FRANKFURT AM MAIN: German police at the weekend shut down a far-right rock concert in a small eastern town after members in the crowd started chanting the illegal Nazi slogan "Sieg Heil".
The concert, which took place in Ostritz in the state of Saxony on Saturday, featured two bands from "the right-wing scene" and had drawn an audience of "several hundred", Goerlitz police said in a statement.
Officers stationed outside intervened after hearing shouts of "Sieg Heil" (Hail Victory) coming from the venue at 11:20 pm (2220 GMT). The gig was brought to an end and the building was emptied shortly after 1:00 am.
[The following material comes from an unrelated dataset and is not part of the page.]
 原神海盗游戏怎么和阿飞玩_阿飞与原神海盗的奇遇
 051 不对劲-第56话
Several witnesses also reported hearing the chants. Federal authorities have opened an investigation, Goerlitz police added. Under German law, using Nazi-era slogans or publicly displaying swastikas and other Nazi symbols is illegal.
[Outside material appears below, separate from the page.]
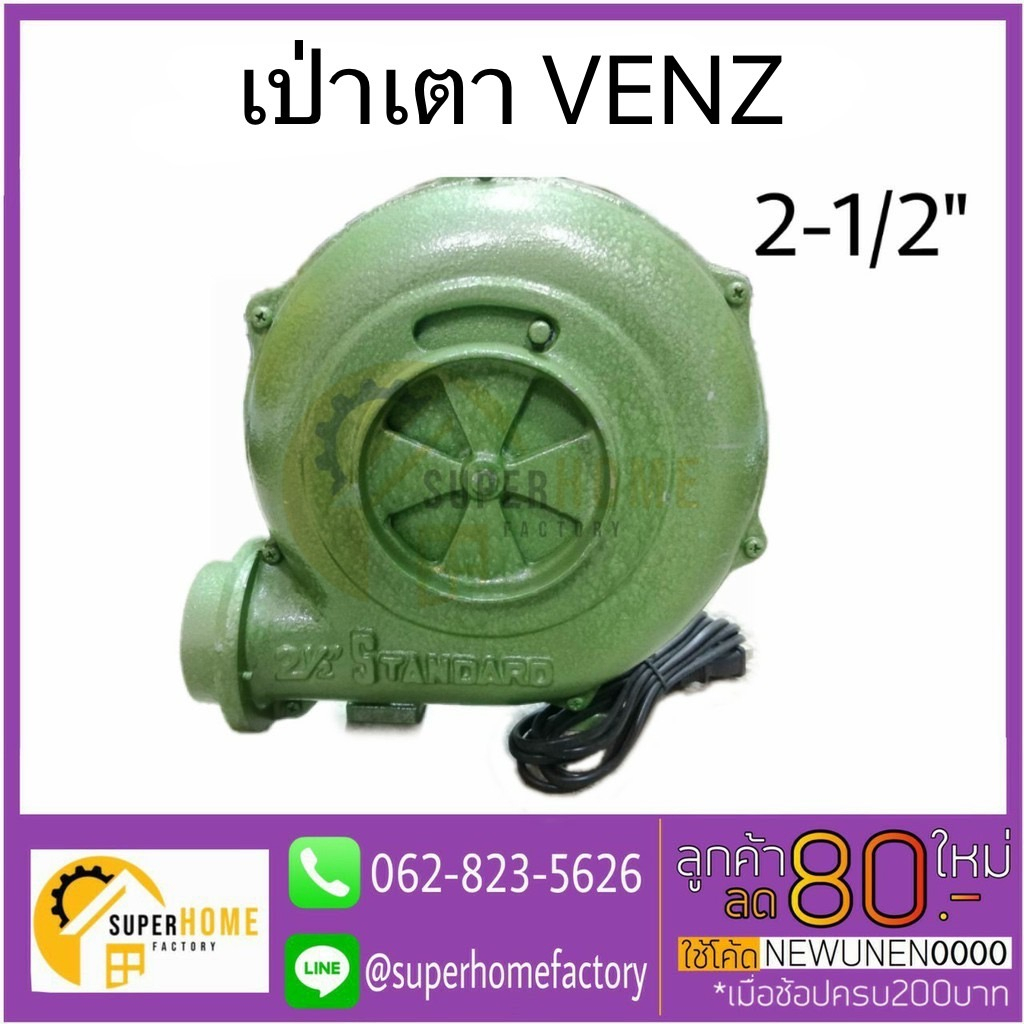 VENZ เป่าเตา 2.5 นิ้ว รุ่น SB-25 เครื่องเป่าเตา เป่าลม พัดลมหอยโข่ง 2.5" โบเวอร์ พัดลมท่อ พัดลมถังกล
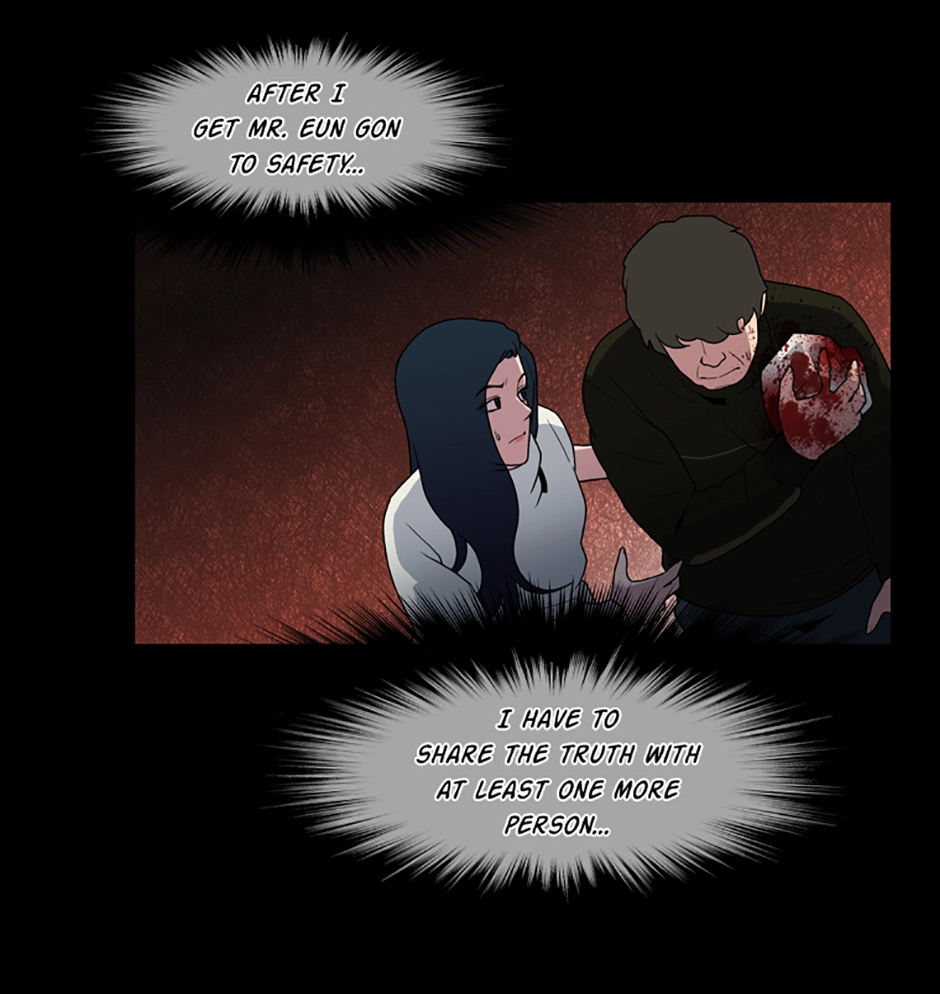 MEMORIST Chapter 52 page 86 -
The town of Ostritz, near the border with Poland, regularly hosts far-right concerts that are often controversial. Last April, hundreds of neo-Nazis gathered in the remote town for a festival timed to coincide with Hitler´s birthday.
Concern has grown in Germany that the rise of the anti-Islam, anti-immigrant Alternative for Germany party (AfD) in recent years has emboldened the far-right and the neo-Nazi scene.